Spain’s 2016 European 200m champion Bruno Hortelano is currently on the crest of a wave, having set national records for both the 200m and 400m this season. The 26-year-old delves into both his past and present to explain his passion for running fast.
I remember first being inspired to run after watching Maurice Greene demolish the 100m field at the Sydney Olympics. Shortly afterwards I recall, as a grade three student, beating the year four and year five kids in the schoolyard and thinking, ‘Wow, I guess I’m pretty fast’.
Growing up running track in the highly competitive Toronto region (where Hortelano was raised), I remember taking on Aaron Brown (the Olympic 4x100m bronze medallist) and many others who later became international-level sprinters. Although I was far from the most successful kid, I didn’t quit.

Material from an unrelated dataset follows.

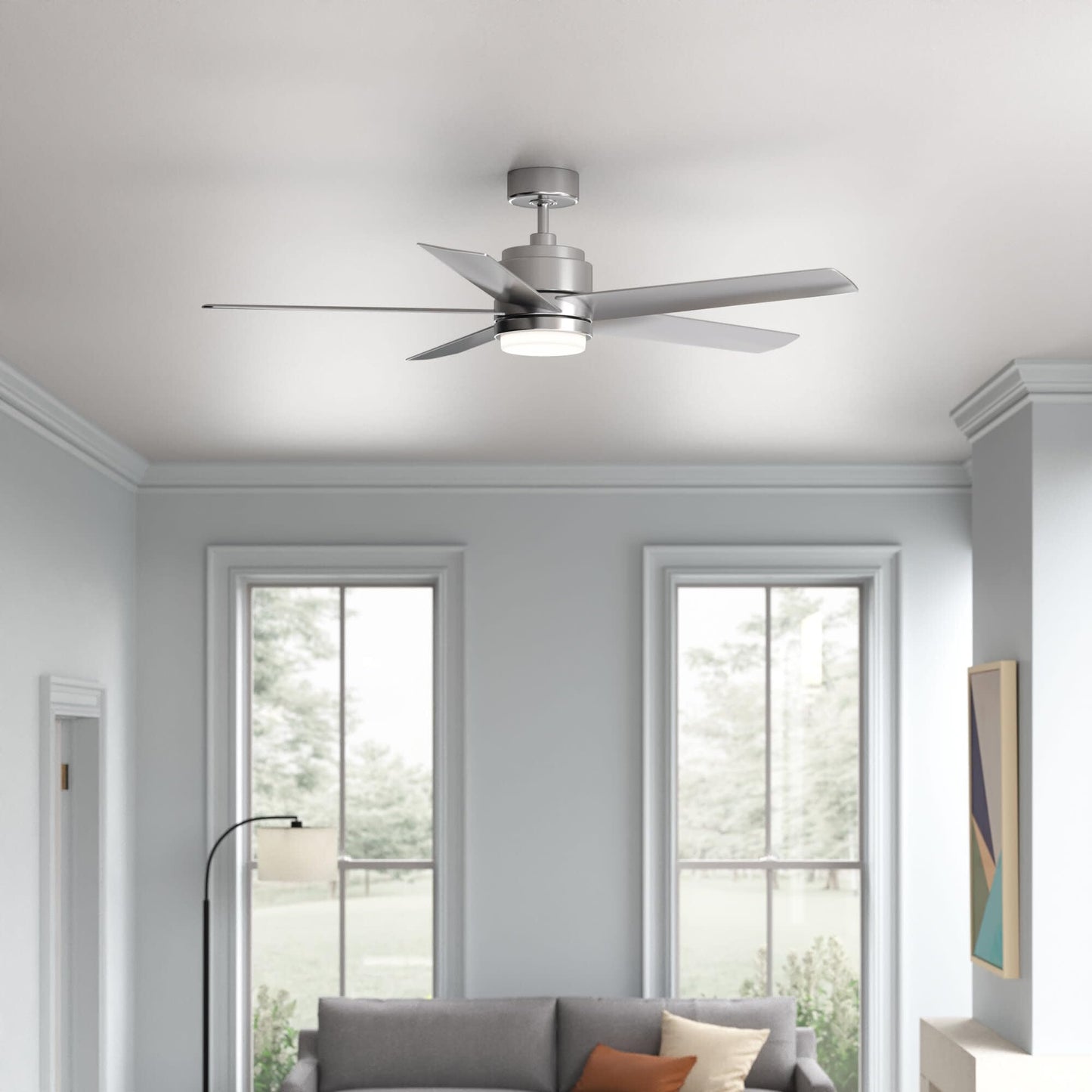 Hinkley Tier 54" Indoor/Outdoor Smart Ceiling Fan with Light + Remote - Composite Fan Blades, Integrated LED - Brushed Nickel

My dad encouraged me to focus on improving myself – that which was in my control – rather than on the other runners. That is why we always made a big deal out of PBs and personal improvements, which always generated big moments of celebration. Now, years later, while I respect all my opponents, I don’t fear any of them.
It is hard to pinpoint what drives me to sprint because it is partly an emotional decision. One factor is a desire to push my own limits. I enjoy the responsibility of competing in such an objective individual sport, but when I perform well, it is important to recognise the key role others have played in my journey. It is also just as important to remember to accept failure if I’m not doing well, which I believe helps me mature as both a person and as an athlete.
In September 2016 I had a serious car accident days after returning from the Rio Olympics, sustaining a large gash in my head, a catastrophic hand at risk of amputation and general body injuries. Following six months of surgeries and rehabilitation, I lost much of my muscle mass and tone. The traits I gained from my upbringing were invaluable in my determination to overcome my injuries and work hard day after day to return to competition.
While some pundits questioned my chances of success, I pledged to come back even faster than before. And so I did. In 2018 I broke both the 200m and 400m Spanish records in my comeback season, proving that everything is possible if you believe enough and work hard for it.
Running fast allows me to feel absolute bliss and thoroughly enjoy the present moment instead of worrying about the past or the future. That feeling of absolute peace I get from sprinting is somewhat of a spiritual experience and it allows me to push all my doubts, fears and insecurities out of my mind.
Sprinting brings me the feeling of searching for my limits in a very tangible way. It makes me feel alive. I’d be happy with life if I could one day look back at my athletics career and say I really pursued what I loved and that I extended my skills and discovered my limits.